Update 2015:

This is a re-post of a 2010 article I wrote for the Rawstudio blog, which at the time of writing is off-line.

L1 cache sizes have not changed at all in 5 years.
SSE 4.1 is more commonplace for flooring, but SSE2 is still needed for fallback.
Intel has gather/scatter instructions on their newest CPUs, which helps lookups.
It is no longer faster to transfer XMM->reg through memory.

So overall, only a few things have changed in five years.

Interpolated look-up tables using SSE2

Something that you are very likely to encounter, when writing SSE2 assembler is the issue of using tables for looking up data. While this is a very simple operation in C, it presents a challenge with a lot of pitfalls, when using SSE2.

When to use lookup tables?

In general, avoid them, if it is within the possibility. Let’s have a look at a simple example:

const float ushort_to_float[65535];

float convert_unsigned_short_to_float(unsigned short value) {
    return ushort_to_float[value];
}

This is quite tempting in C – especially if you can do some transformations on the value, by modifying the lookup table, if you need something expensive like the square root, use the inverted value. But lets look at the drawbacks.

The table is 256KB, so you will run out of level 1 cache on most CPUs. In C the penalty for a value in L1 cache this is usually a couple of cycles per value, but if it has to be fetched from L2, we are talking about 15 cycles or more on most platforms. But if it saves you a division and a square root or something similar the trade-off may be ok for you.
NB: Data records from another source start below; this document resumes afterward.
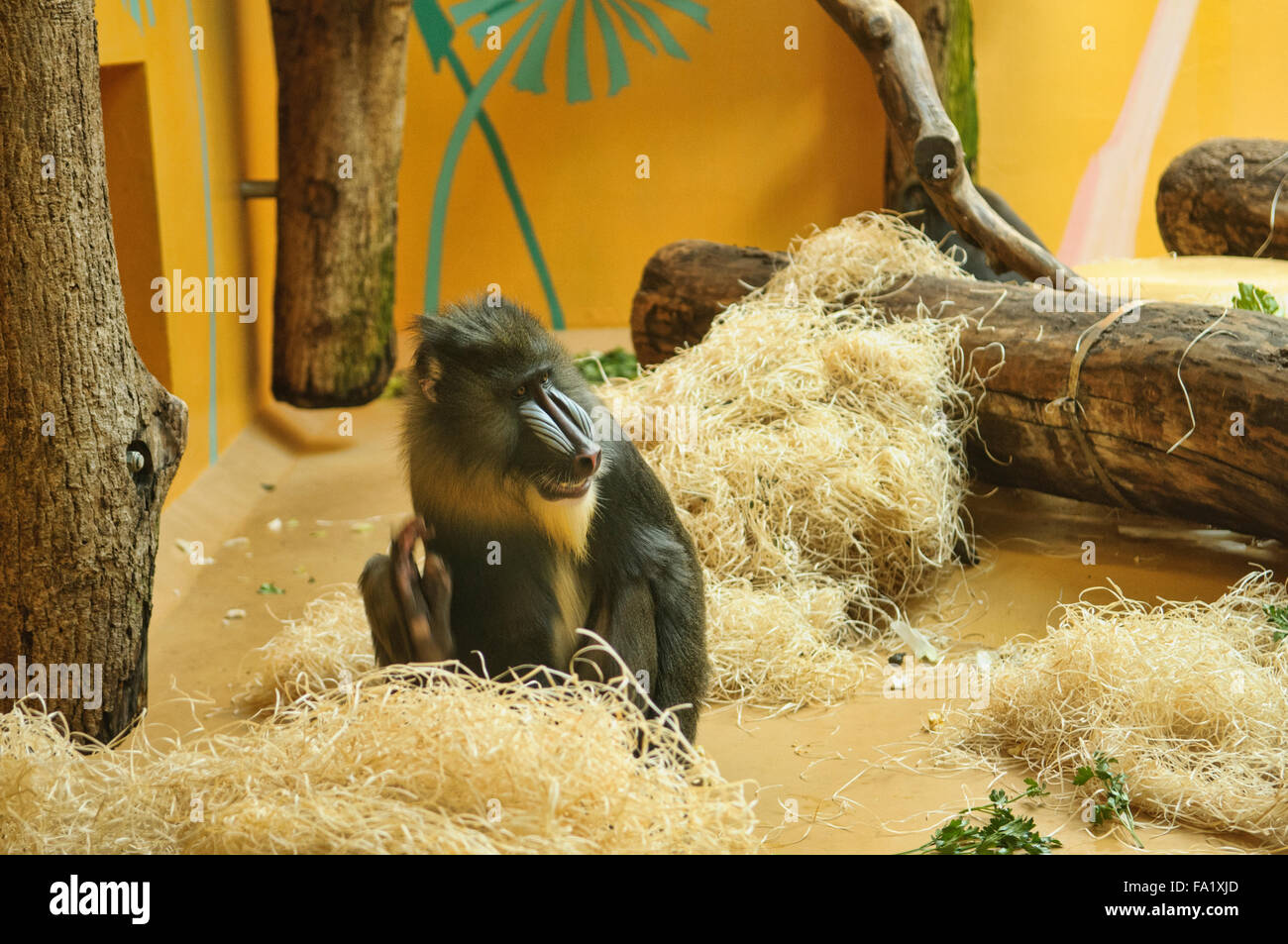 Cercopithecidae zoo hi-res stock photography and images - Alamy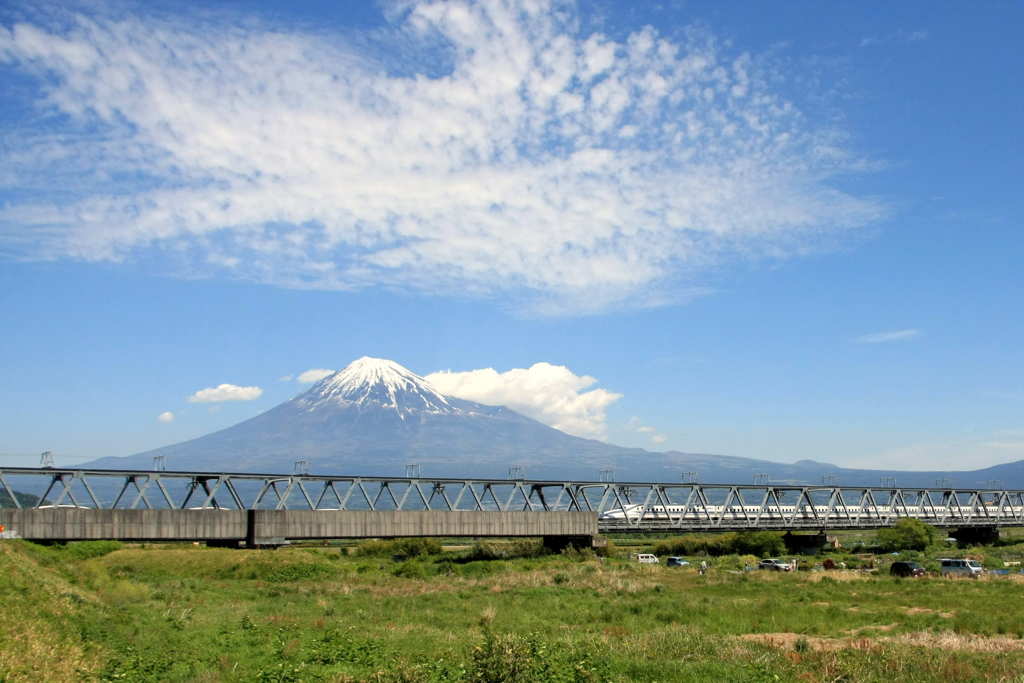 五月の富士川河川敷　４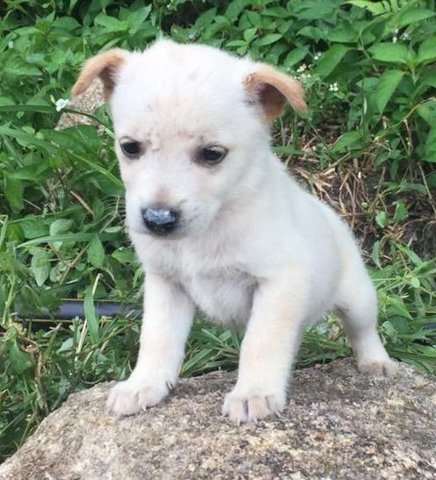 7 Cute Puppies - Mixed Breed Dog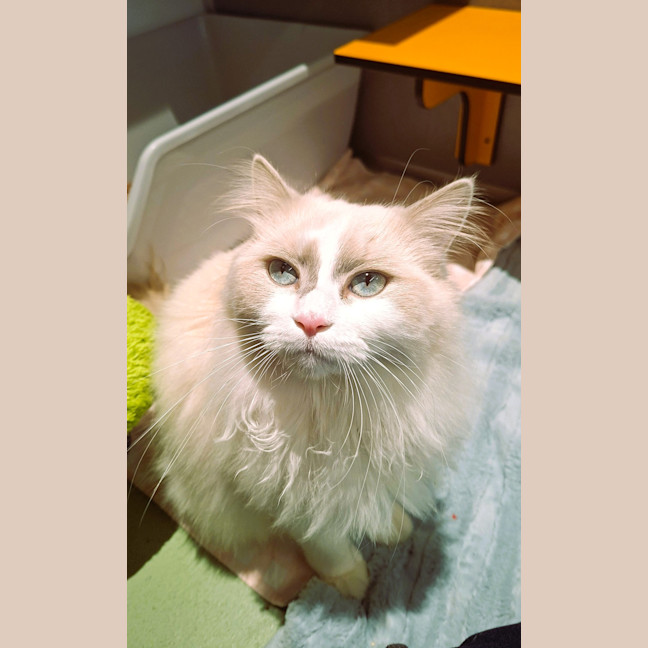Photo of Reign 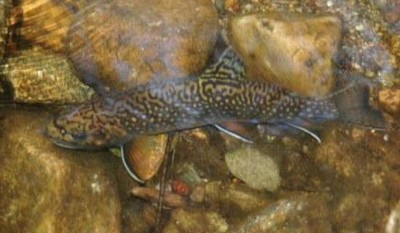 Eastern_Brook_Trout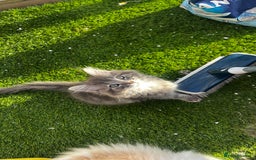 Ragcoon cats for sale: Beautiful ragcoon kittens - Image 16
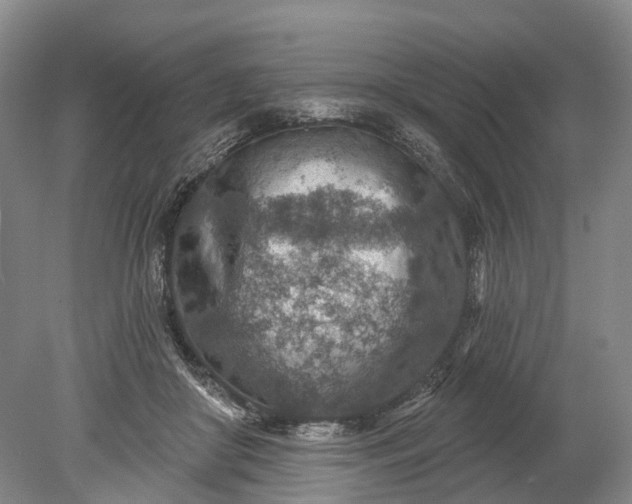 X0000078890410200611271358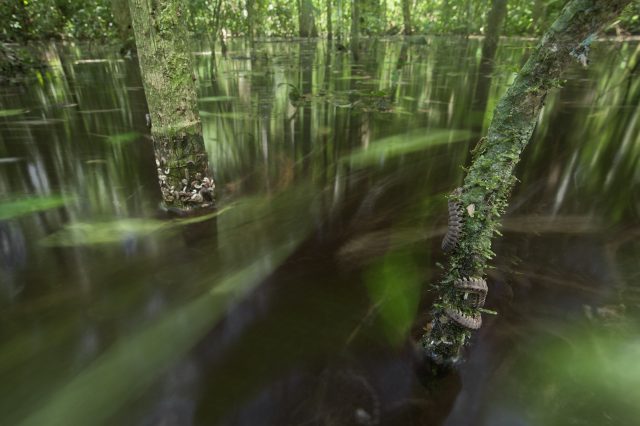 Flooded Forest by Tom Ambrose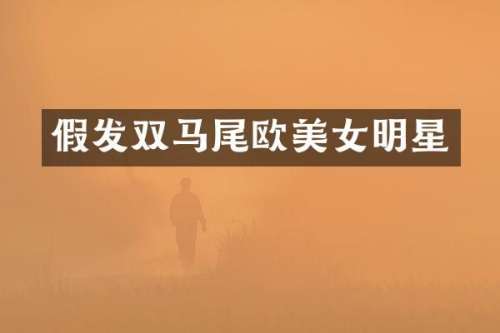 假发双马尾欧明星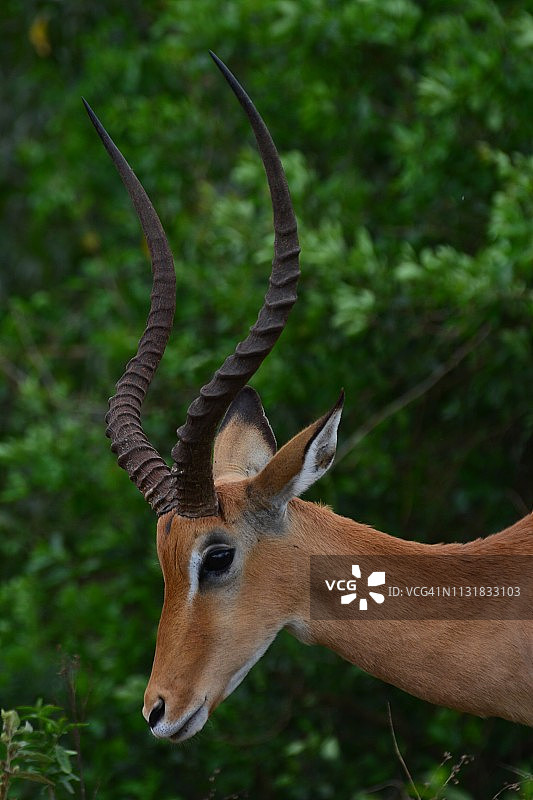 黑斑羚肖像图片素材
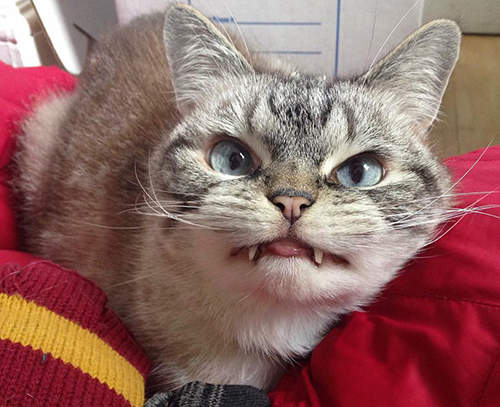 《吸血鬼貓Loki》這樣邪惡可愛的吸血鬼我願意♥ 《吸血鬼貓Loki》這樣邪惡可愛的吸血鬼我願意♥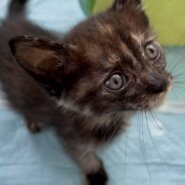 生まれて1ヶ月の子猫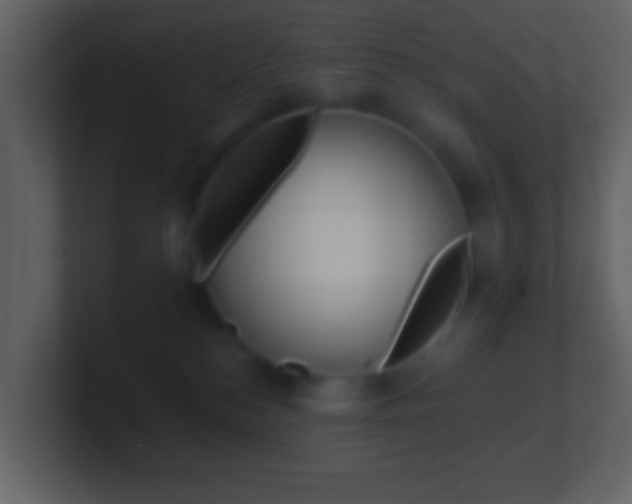 X0000101450184200807071118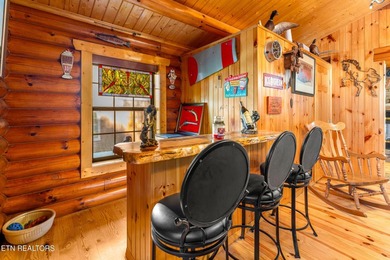 **Fiber Optic Now Available!** Beautifully renovated true log - photo 16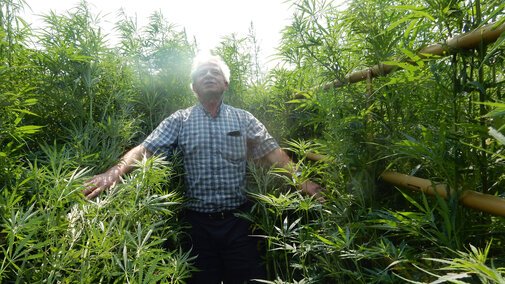 Hemp Processing in Nebraska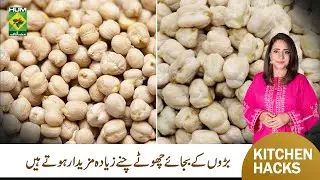 Which Type of Chana Tastes Better | Kitchen Hack | Rida Aftab | Masala TV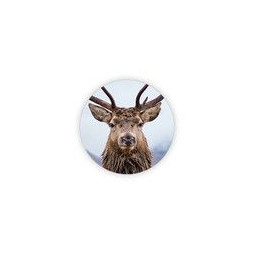 sticker foto rendier
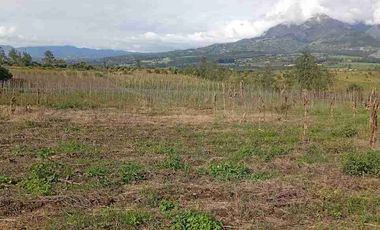 Vendo finca de 3 hectáreas y media en Atuntaqui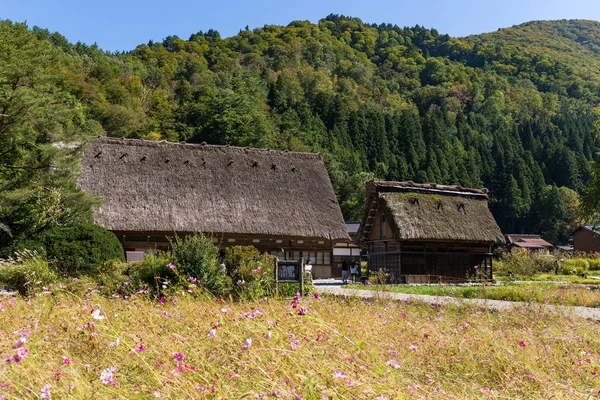 Pueblo Histórico Japonés Tradicional Shirakawago — Foto de Stock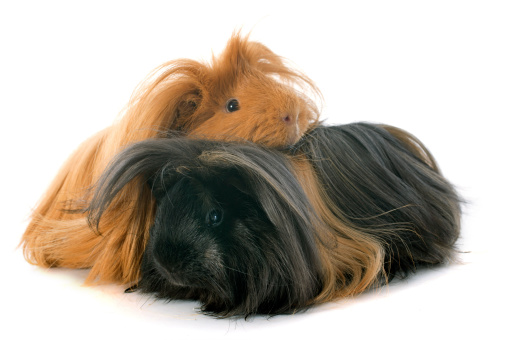 Peruvian Guinea Pigs in front of white background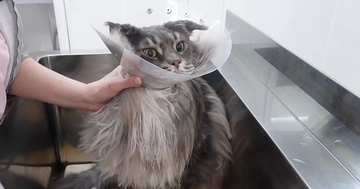 『12.88キロの大型猫』をプロがシャンプーした結果…素敵すぎる『仕上がり』が15万再生「毛量も半端じゃない」「ライオンとかに近い」と驚愕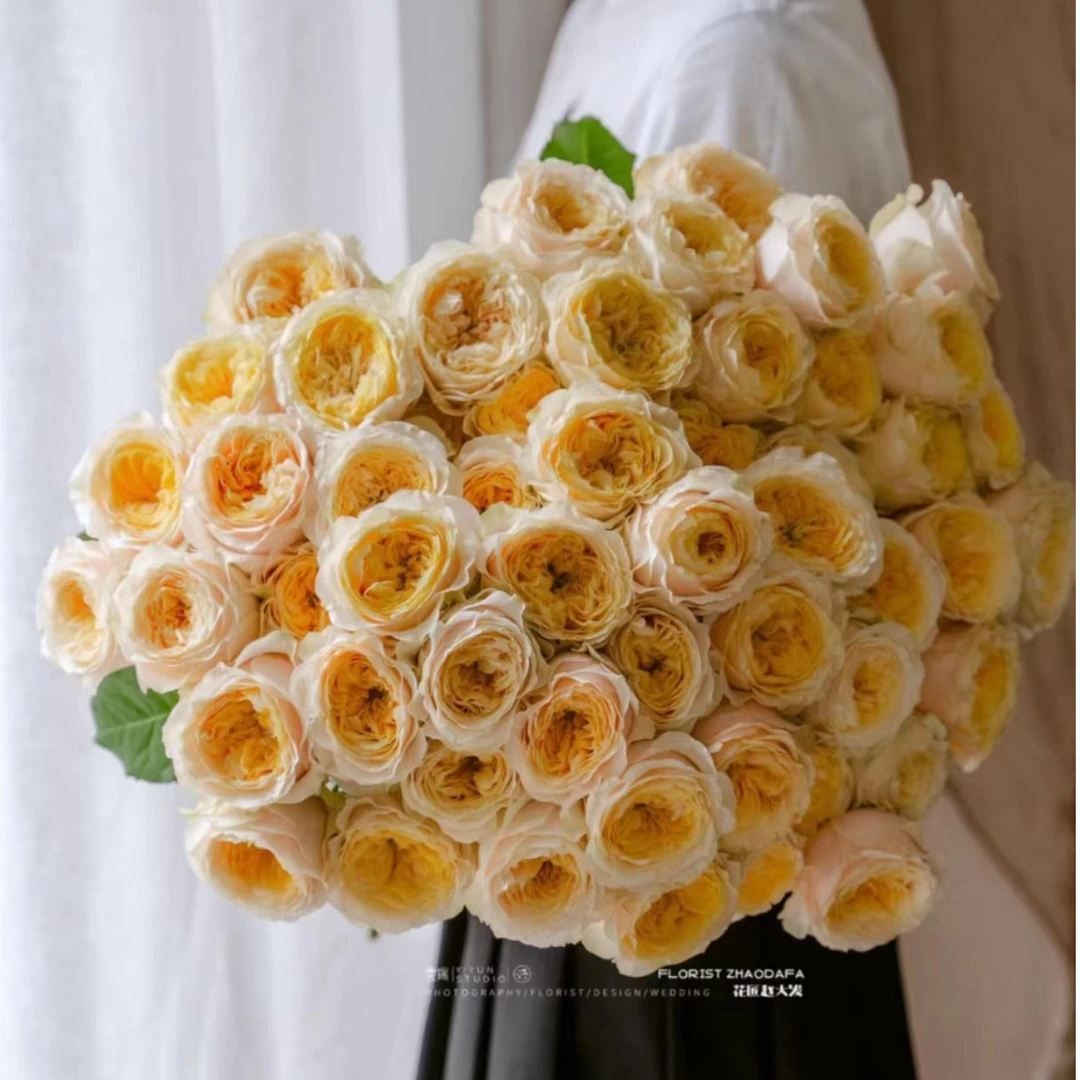 特蕾莎玫瑰10支（家庭瓶插花）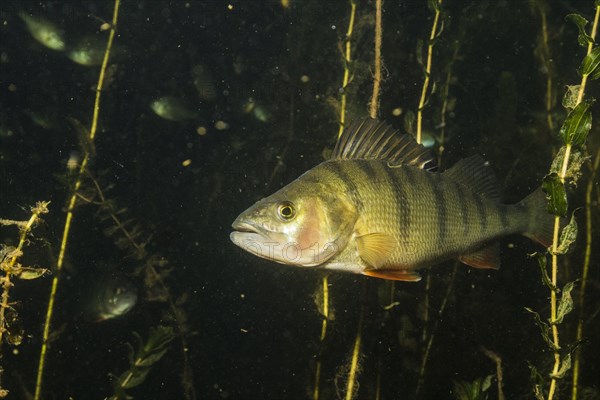 European perch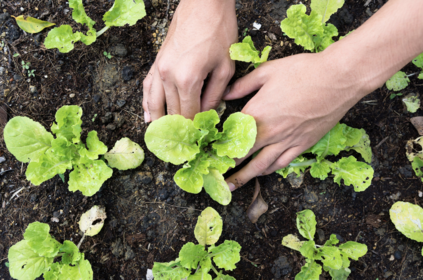 Planting, sowing & propagating lettuce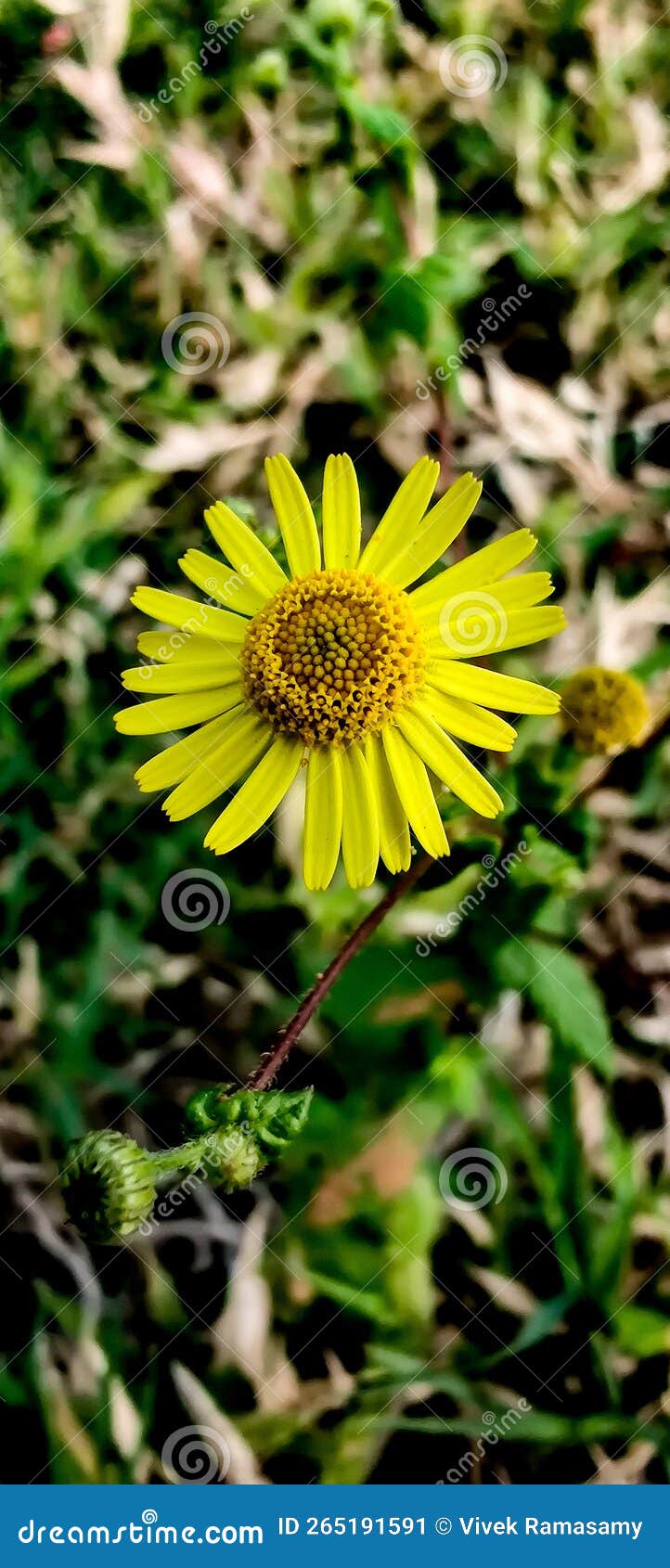 Fleurish stock image. Image of flower, fleurish, portrait 265191591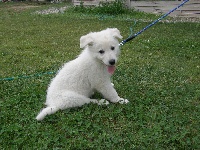 IZZY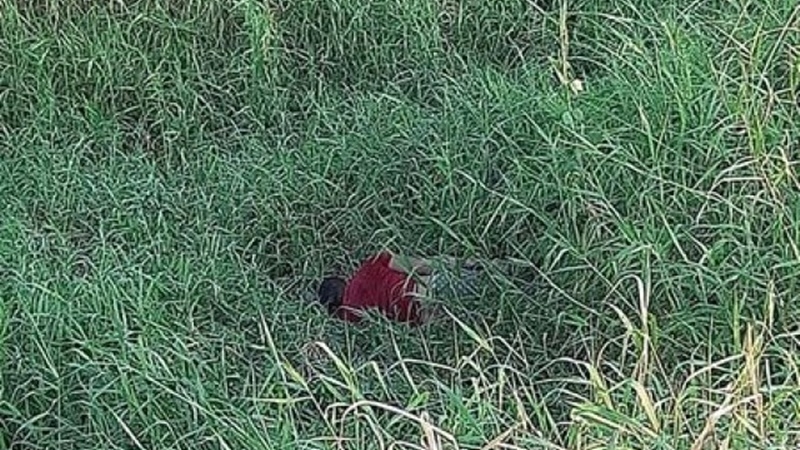 800_511421cafd20dba.jpg?v=1605601410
In SSE2, the trade-off picture is changed. Here the penalty per pixel for doing the lookup remains the same (or even rises), while calculating the value is usually only about 25% of cost of what the C-code. So you can see – we can do a lot more calculations in SSE2 before using a table should even be considered.

What if I have to use lookup tables?

There might be cases, where using tables are the only way, because calculating the values simply aren’t practically possible in SSE2. A practical example of this from Rawstudio is the curve correction, that involves mapping input values to output values based on an n-point 2D curve.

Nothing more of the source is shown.